- Logo
- Metro Manila and Calabarzon Philippines

Information
- Type: Private
- Established: 2013
- Grades: 7–12
- Affiliations: iPeople, Inc.
- Website: www.apecschools.edu.ph

= APEC Schools =

Chain of private high schools in the Philippines

APEC Schools is a chain of private high schools based in the Philippines. APEC Schools currently has branches across Metro Manila and Calabarzon regions.

==History==
APEC Schools was established in 2013 through a partnership between Ayala Corporation and Pearson's Affordable Learning Fund. APEC Schools are managed under the Affordable Private Education Center (APEC) Inc., a joint venture between the two entities. The first APEC Schools branch was opened within the Emilio Aguinaldo College campus in Manila in July 2013. APEC Schools are touted as a low-cost option for secondary education by its proponents.
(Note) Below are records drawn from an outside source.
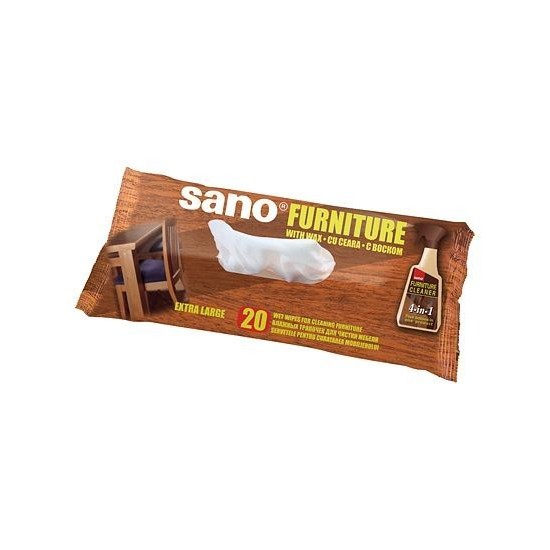 SANO FURNITURE WIPES, 20 bucati, servetele umede antistatice mobila SANO FURNITURE WIPES, 20 bucati, servetele umede antistatice mobila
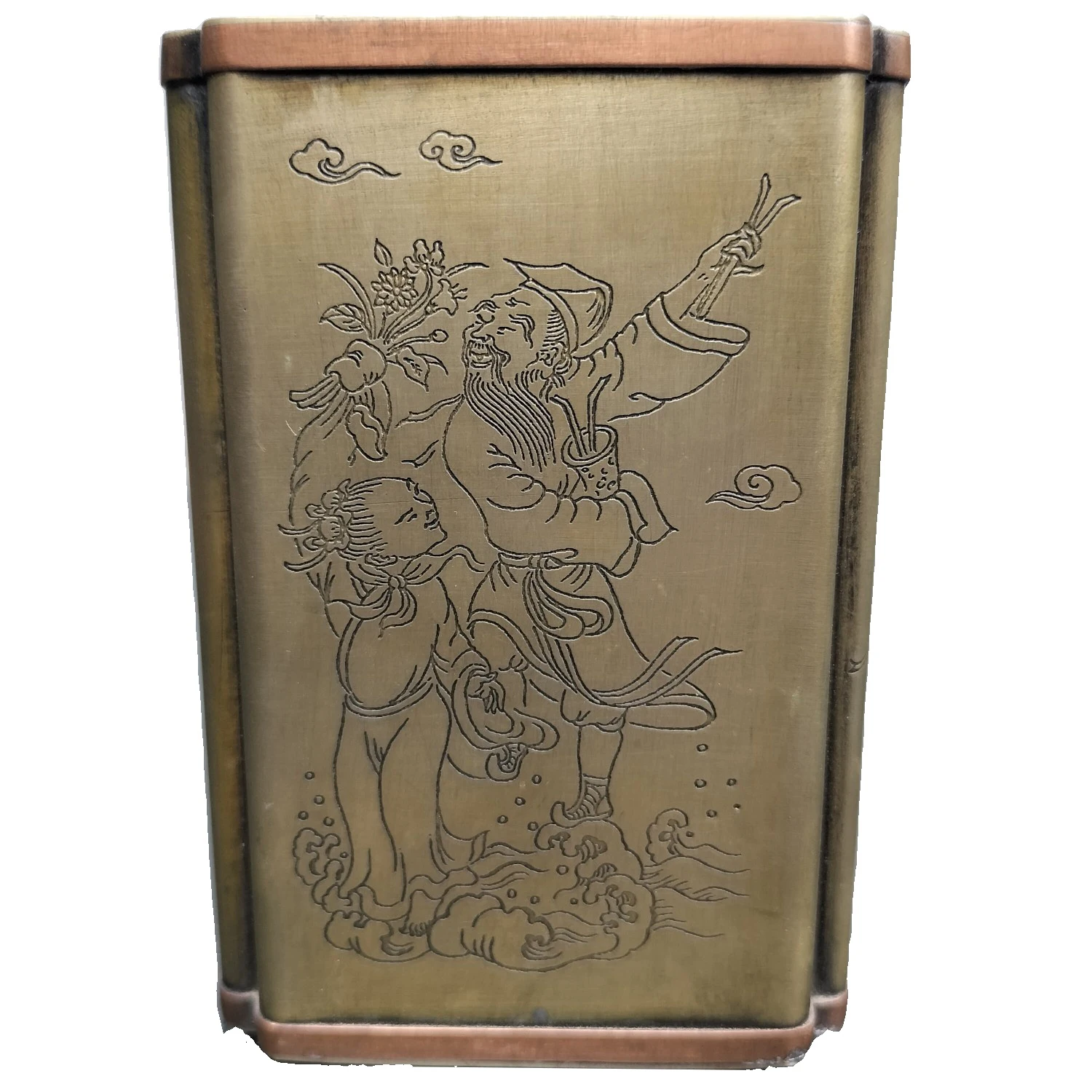 

LaoJunLu старинная коллекция имитации красной меди ручная гравировка Восемь Бессмертных держатель для учебных ручек украшения имитация антик...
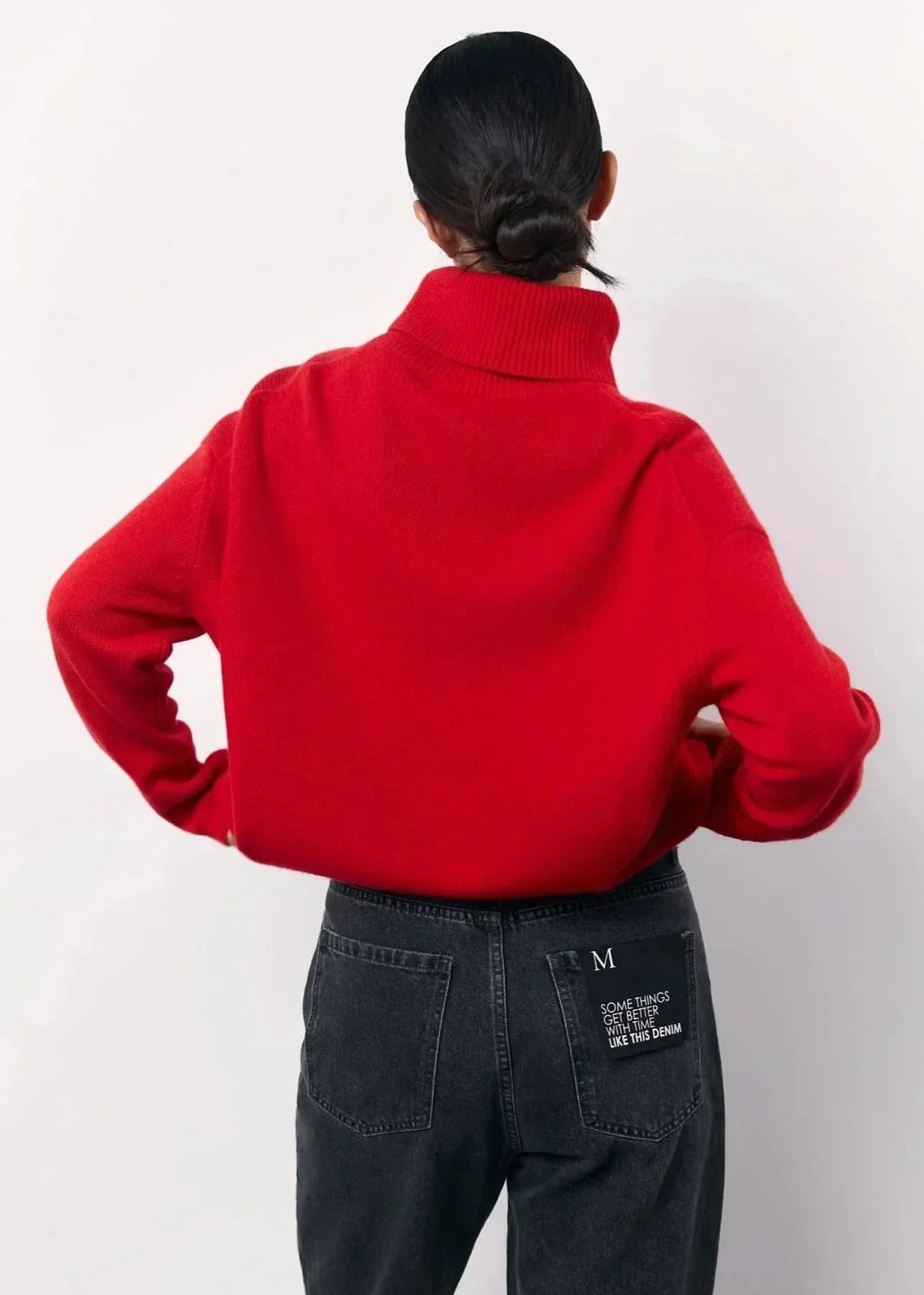 Turtleneck Sweater, Oversized Roll Neck Jumper in Red 4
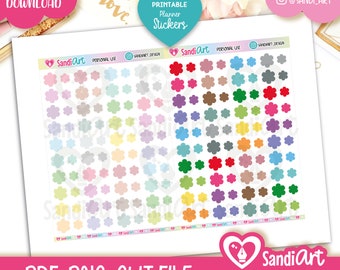 Flower Dots, Printable Planner Stickers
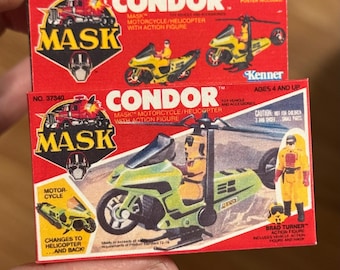 Vintage Original Kenner 1980s MASK motorcycle helicopter CONDOR Miniature Toy Box Christmas Ornament / Refrigerator Fridge Magnet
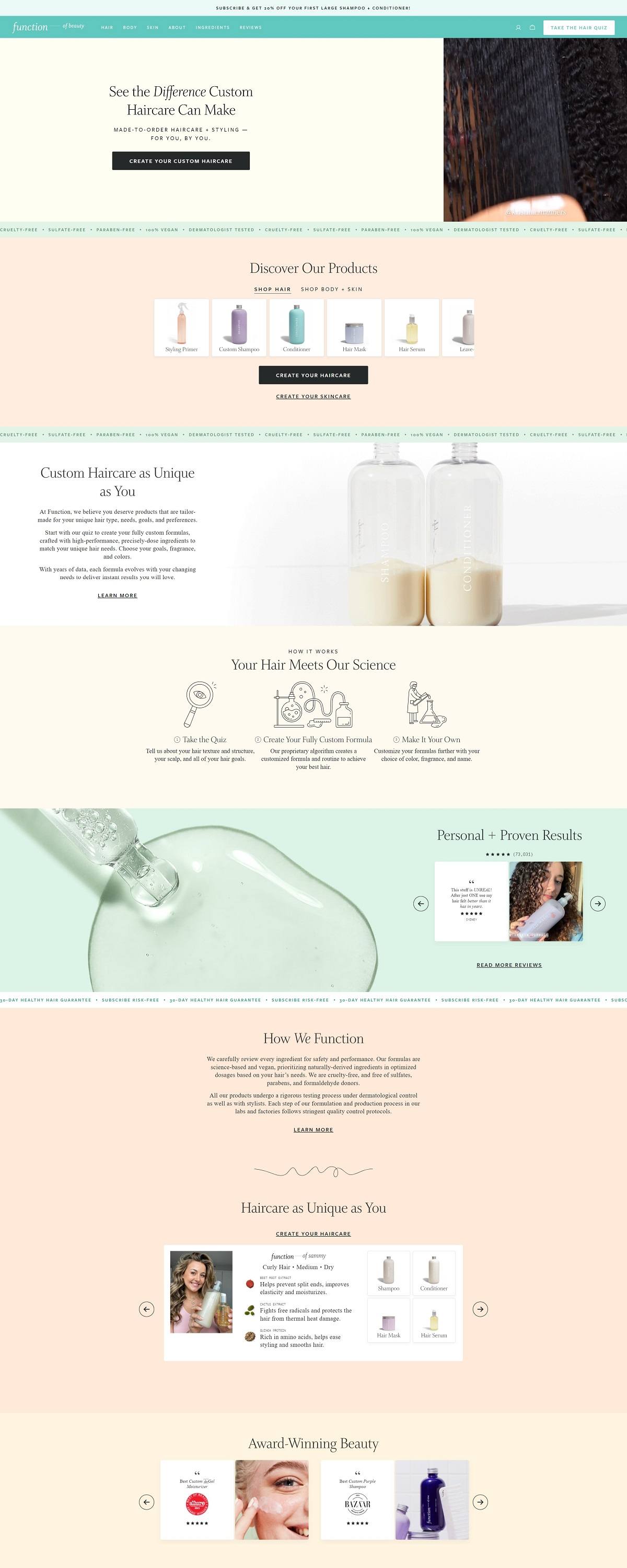 eCommerce website: Function of Beauty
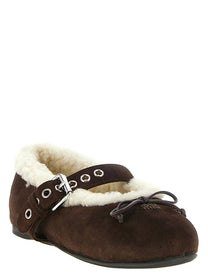 Miu Miu Sheepskin Ballet Flats Brown, view 2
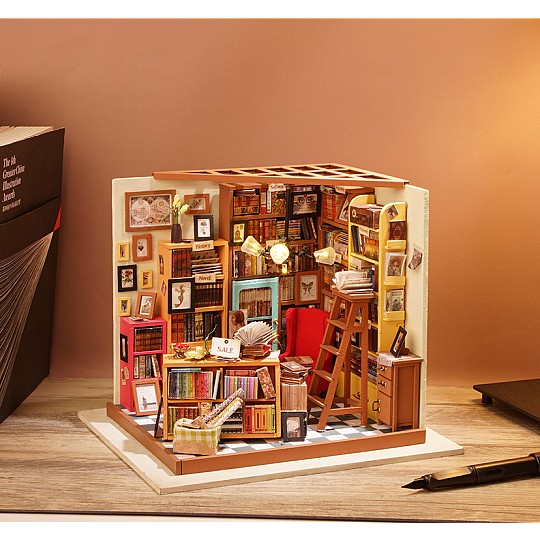 Uma livraria em miniatura para montar sozinho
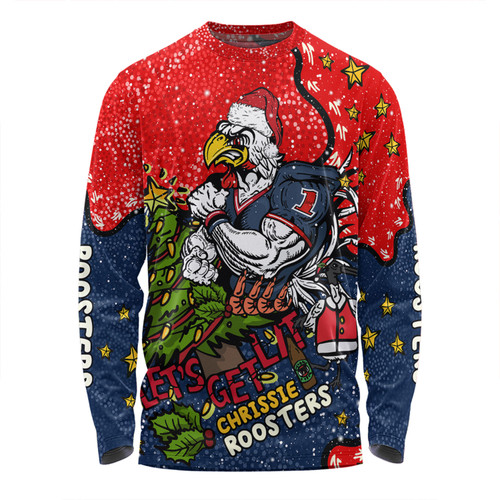 Sydney Roosters Christmas Custom Long Sleeve T-Shirt - Let's Get Lit Chrisse Pressie Long Sleeve T-Shirt Sydney Roosters Christmas Custom Long Sleeve T-Shirt - Let's Get Lit Chrisse Pressie Long Sleeve T-Shirt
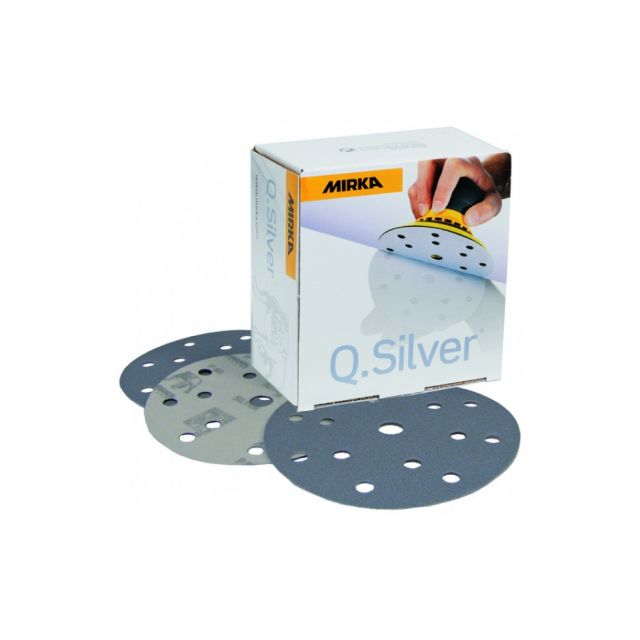 2B-647-320, Mirka Q-Silver 5 in. 17 Hole Vacuum Grip Disc 320G, Qty. 50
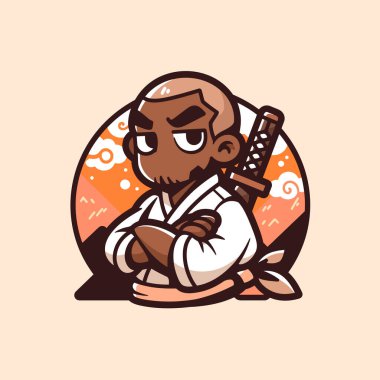 Katana ile Chibi Ninja Samuray Karakteri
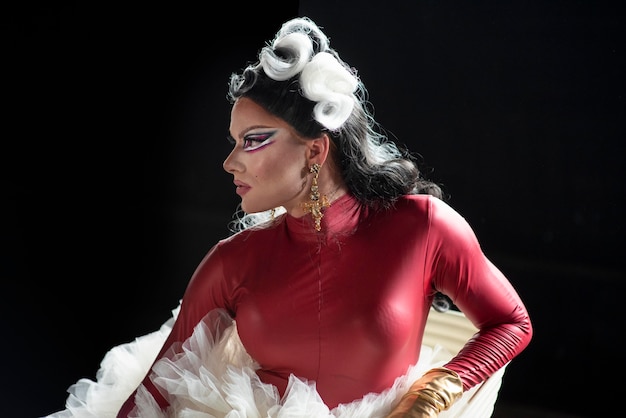 Photo portrait of fabulous drag queen posing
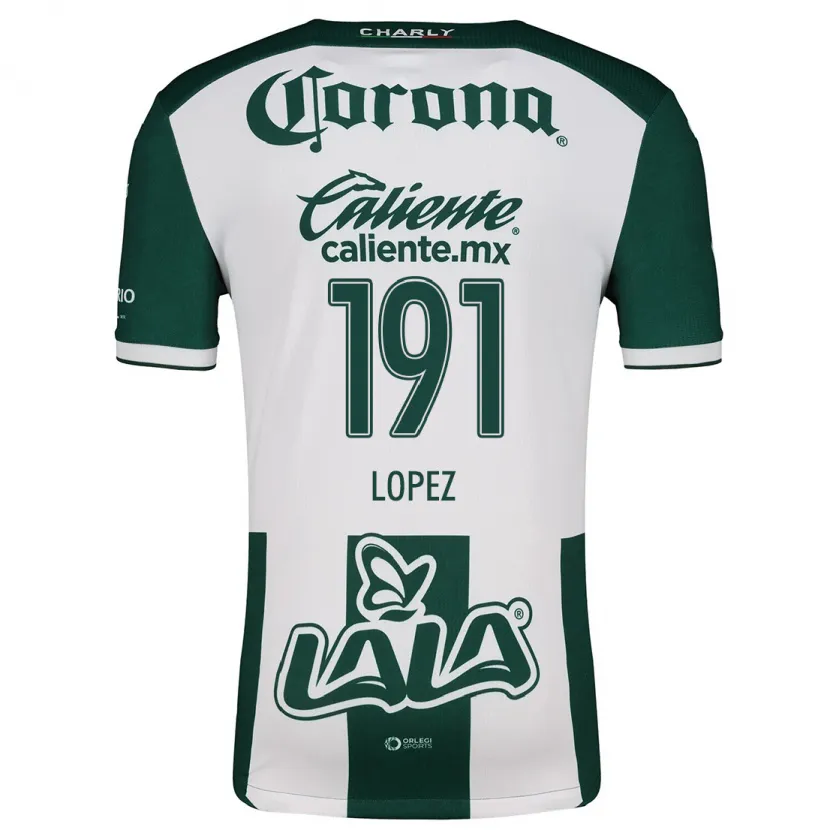 Danxen Mænd Carlos López #191 Grøn Hvid Hjemmebane Spillertrøjer 2024/25 Trøje T-Shirt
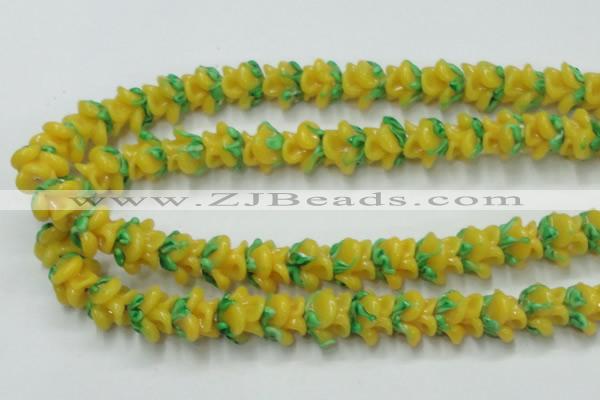 CLG793 15.5 inches 11*13mm rose lampwork glass beads wholesale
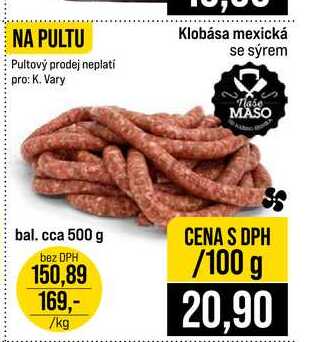 Klobása mexická se sýrem bal. cca 500 g 100g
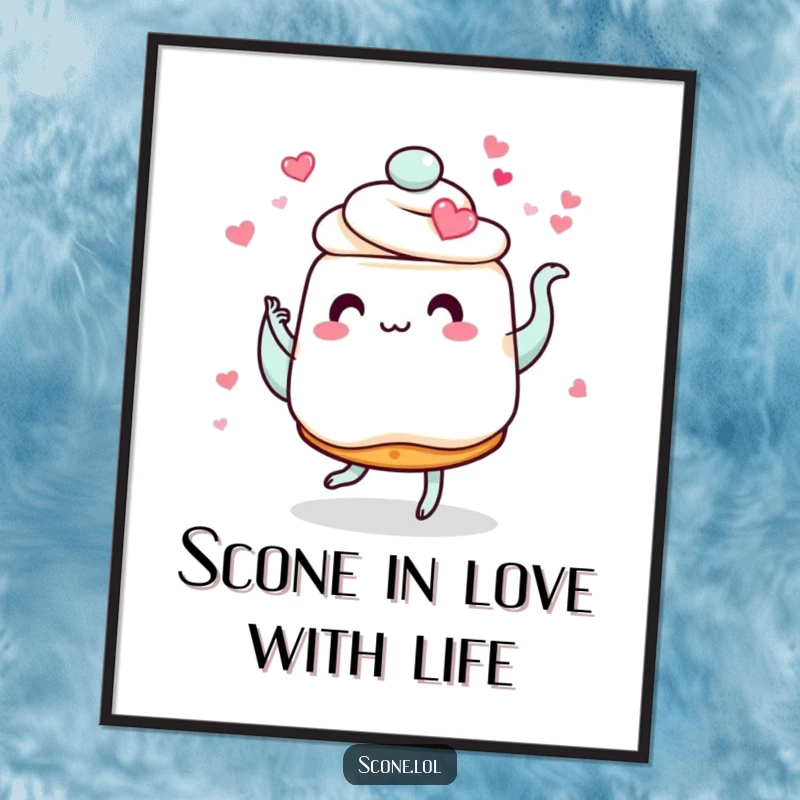 Funny Free Printable Wall Art of a scone with heart eyes passionately dancing with a beautifully swirling teapot, full of charm.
The Ayala Corporation and House of Investments of the Yuchengco Group had a merger of their education operations in 2019 with Yuchengco Group's iPeople Inc. being the surviving entity. APEC Schools is among the several schools which became under iPeople.

In 2023, the merger of APEC Schools' operating entity APEC Inc. with the National Teachers College was approved. The merger was implemented the following year.